A brief, silent look passes between Philippe and the young woman.
I don’t particularly like that look, though I can at least hazard a guess at what’s behind it.
Philippe had to have gotten all that information from somewhere, and as the woman glances pointedly away, I’d be willing to bet I know where.
“You were right, brother,” Philippe says, that smirk of his still firmly in place. “We live in a different world than the one we were born into, and perhaps it’s time we act like it.”
Neither Ophelia nor I feel the need to give reply, though that doesn’t seem to phase Philippe.
“Enjoy the rest of your evening,” he says, melting back into the darkness he came from.
It’s entirely too much for the ragged threads of my reason and logic to parse through right now. Everything that happened and what Philippe’s involvement means, where we go from here and what happens next.

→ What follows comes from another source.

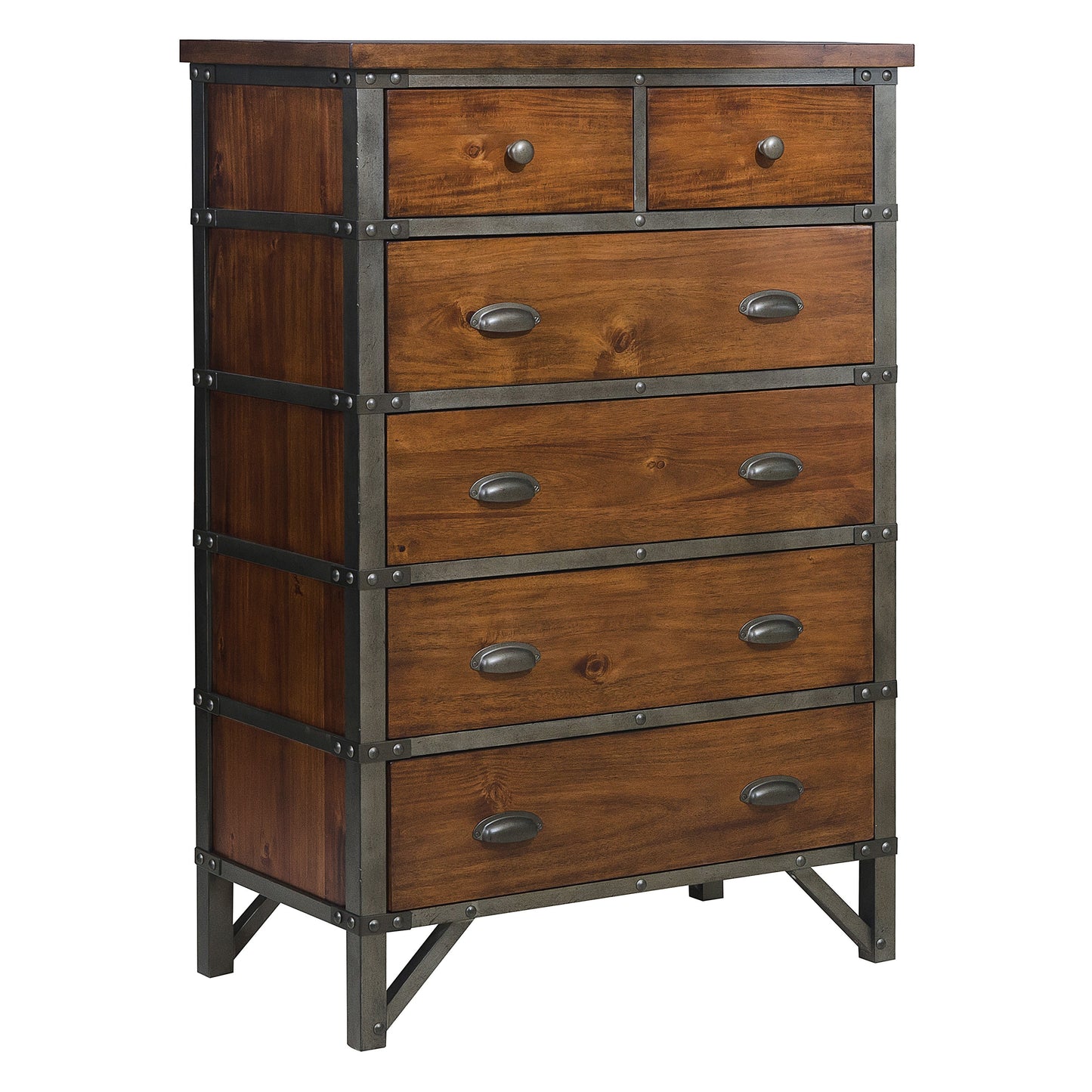 Homelegance Chest Rustic Brown Holverson Finish with Industrial Flair 1715-9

So I stop trying. I hold Ophelia closer and lean into her warmth.
The rest of it can wait.
Serra snorts from where she’s stayed back and out of the fray. “Gods, what a fucking tool. Now how about we get the hell out of here?”
Ophelia and I follow her down the darkened streets to where she parked her car. I keep my arm on Ophelia the entire time. I know full well she’s capable of holding herself up, but letting her go feels impossible.
Not when, with each passing heartbeat, those few moments from the graveyard keep playing themselves on repeat in my mind.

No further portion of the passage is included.